- **WHAT IS NEEDED**
Using the data below, work out how many lines contain "para", and report only that number.

Start of RECORDS PROVIDED

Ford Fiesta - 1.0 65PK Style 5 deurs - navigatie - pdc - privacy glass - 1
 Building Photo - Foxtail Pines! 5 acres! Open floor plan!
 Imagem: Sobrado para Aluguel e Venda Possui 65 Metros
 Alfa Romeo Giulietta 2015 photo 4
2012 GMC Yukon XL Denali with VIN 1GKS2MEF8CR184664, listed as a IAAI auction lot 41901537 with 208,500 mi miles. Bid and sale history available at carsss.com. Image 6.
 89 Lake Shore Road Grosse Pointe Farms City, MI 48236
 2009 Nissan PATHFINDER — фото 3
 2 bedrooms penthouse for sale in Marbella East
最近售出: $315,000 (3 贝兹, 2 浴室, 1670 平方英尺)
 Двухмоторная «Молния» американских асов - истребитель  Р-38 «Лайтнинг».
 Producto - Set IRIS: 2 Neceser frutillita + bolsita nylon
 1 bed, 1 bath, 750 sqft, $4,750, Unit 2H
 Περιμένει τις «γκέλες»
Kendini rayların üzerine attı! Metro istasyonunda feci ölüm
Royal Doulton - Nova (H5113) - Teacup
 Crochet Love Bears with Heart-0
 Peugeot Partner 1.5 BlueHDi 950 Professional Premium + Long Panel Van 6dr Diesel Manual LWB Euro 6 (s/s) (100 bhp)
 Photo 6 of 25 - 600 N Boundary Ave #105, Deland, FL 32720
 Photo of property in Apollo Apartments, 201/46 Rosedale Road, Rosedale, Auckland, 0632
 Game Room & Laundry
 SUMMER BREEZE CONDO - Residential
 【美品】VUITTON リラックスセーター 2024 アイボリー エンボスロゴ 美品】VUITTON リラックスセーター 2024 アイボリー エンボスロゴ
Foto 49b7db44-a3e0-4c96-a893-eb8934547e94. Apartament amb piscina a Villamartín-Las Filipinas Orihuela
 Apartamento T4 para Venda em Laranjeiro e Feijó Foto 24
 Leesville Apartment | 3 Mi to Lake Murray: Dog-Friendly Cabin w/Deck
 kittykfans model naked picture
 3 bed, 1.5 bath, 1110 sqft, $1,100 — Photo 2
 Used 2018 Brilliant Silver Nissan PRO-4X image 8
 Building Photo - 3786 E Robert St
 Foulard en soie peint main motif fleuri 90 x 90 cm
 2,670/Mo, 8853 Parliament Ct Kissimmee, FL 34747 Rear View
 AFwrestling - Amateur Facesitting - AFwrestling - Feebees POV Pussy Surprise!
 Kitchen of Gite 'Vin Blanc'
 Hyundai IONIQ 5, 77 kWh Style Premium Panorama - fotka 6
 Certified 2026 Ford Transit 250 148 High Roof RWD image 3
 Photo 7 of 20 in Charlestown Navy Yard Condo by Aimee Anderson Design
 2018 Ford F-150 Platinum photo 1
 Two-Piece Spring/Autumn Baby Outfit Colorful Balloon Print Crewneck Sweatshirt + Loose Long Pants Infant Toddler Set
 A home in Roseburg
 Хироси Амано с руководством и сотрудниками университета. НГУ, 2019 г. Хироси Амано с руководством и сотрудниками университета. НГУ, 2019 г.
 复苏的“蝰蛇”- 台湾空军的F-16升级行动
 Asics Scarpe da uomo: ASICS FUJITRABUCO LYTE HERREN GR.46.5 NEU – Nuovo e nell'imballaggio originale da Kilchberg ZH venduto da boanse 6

End of RECORDS PROVIDED

- **THE ANSWER**
2